*What the exercise asks*: From the line containing "My name is Dr." down to the line containing "So we are logged", copy out the entries below exactly, both lines included, and nothing else; pictures do not belong in the copy.

*Data for analysis*:
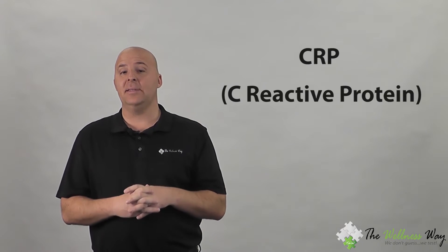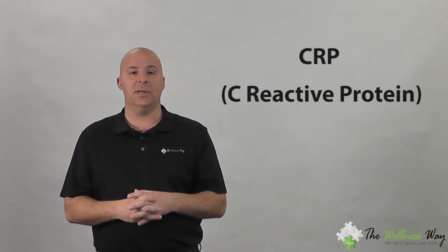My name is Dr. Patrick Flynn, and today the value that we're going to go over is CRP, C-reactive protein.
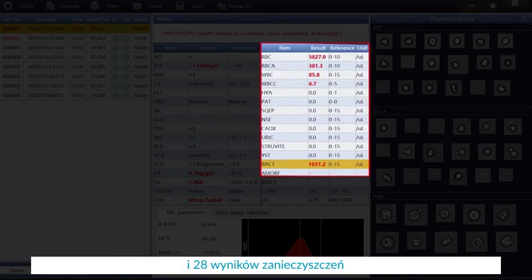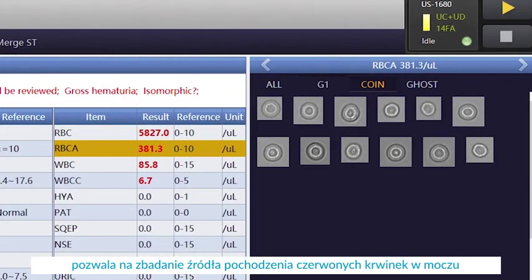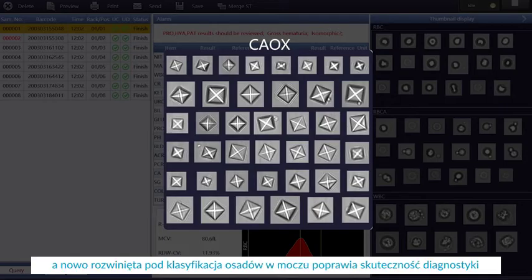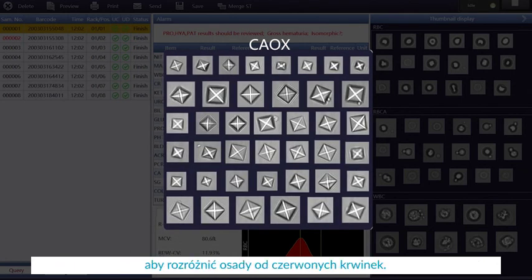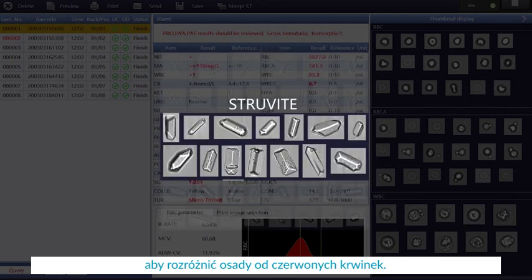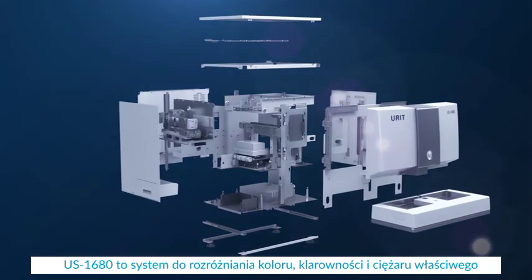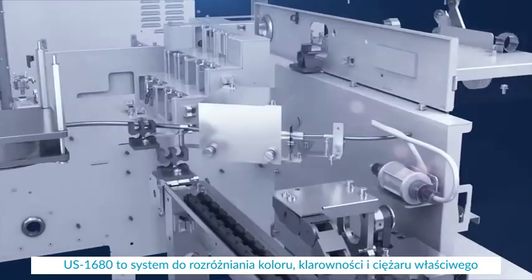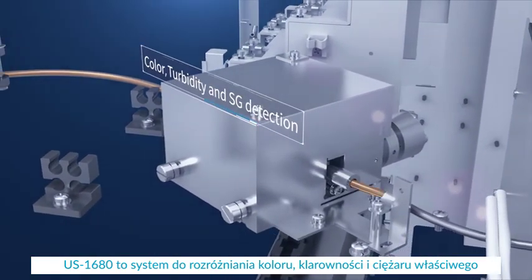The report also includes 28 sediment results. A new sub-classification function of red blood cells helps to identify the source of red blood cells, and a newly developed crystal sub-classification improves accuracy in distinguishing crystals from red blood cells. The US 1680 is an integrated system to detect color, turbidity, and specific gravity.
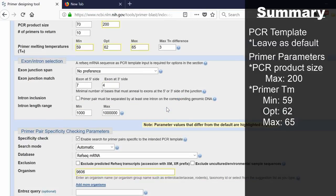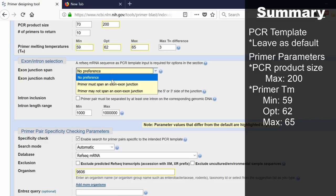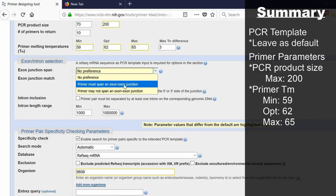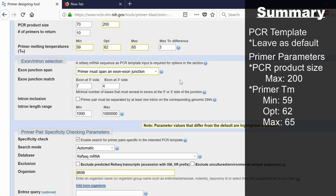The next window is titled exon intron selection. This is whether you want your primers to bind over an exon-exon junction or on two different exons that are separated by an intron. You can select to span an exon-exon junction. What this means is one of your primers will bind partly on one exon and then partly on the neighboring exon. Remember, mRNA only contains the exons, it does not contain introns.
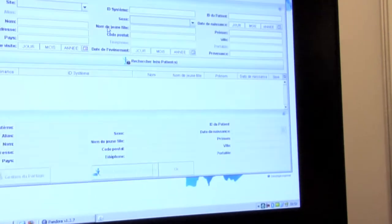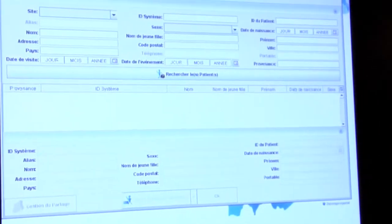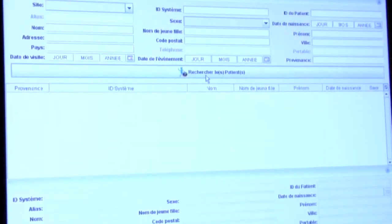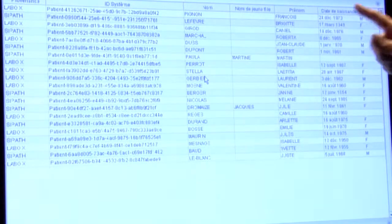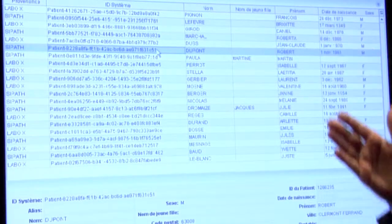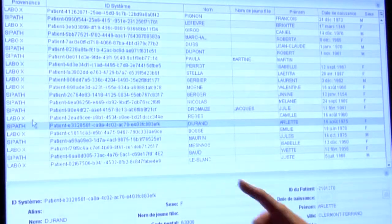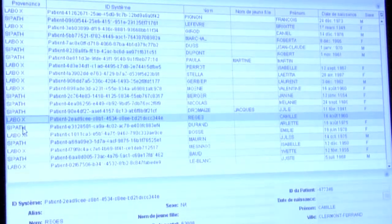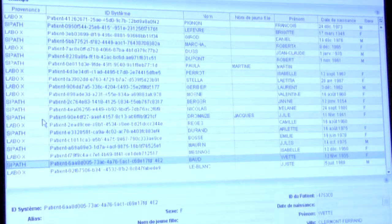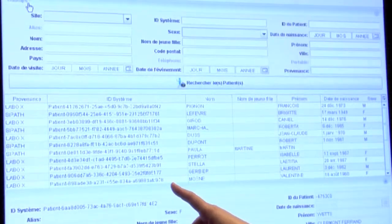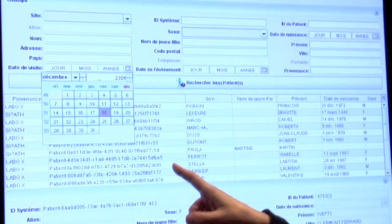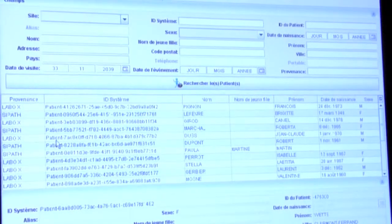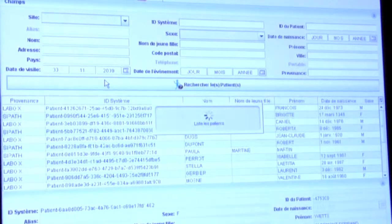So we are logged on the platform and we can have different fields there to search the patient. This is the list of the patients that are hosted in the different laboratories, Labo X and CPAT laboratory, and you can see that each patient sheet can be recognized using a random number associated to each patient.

* * *

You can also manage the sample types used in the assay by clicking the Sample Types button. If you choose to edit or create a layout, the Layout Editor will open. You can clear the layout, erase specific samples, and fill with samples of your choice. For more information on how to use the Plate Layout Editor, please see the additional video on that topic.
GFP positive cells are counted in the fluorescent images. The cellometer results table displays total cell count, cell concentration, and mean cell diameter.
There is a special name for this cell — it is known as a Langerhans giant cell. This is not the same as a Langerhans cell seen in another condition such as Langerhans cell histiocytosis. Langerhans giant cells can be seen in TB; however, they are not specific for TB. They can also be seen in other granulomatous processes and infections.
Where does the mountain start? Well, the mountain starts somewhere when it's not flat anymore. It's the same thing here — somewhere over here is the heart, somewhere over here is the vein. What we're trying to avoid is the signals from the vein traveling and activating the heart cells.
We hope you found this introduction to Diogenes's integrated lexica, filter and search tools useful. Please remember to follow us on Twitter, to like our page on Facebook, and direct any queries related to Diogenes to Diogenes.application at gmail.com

*Task result*:
My name is Dr. Patrick Flynn, and today the value that we're going to go over is CRP, C-reactive protein.
The report also includes 28 sediment results. A new sub-classification function of red blood cells helps to identify the source of red blood cells, and a newly developed crystal sub-classification improves accuracy in distinguishing crystals from red blood cells. The US 1680 is an integrated system to detect color, turbidity, and specific gravity.
The next window is titled exon intron selection. This is whether you want your primers to bind over an exon-exon junction or on two different exons that are separated by an intron. You can select to span an exon-exon junction. What this means is one of your primers will bind partly on one exon and then partly on the neighboring exon. Remember, mRNA only contains the exons, it does not contain introns.
So we are logged on the platform and we can have different fields there to search the patient. This is the list of the patients that are hosted in the different laboratories, Labo X and CPAT laboratory, and you can see that each patient sheet can be recognized using a random number associated to each patient.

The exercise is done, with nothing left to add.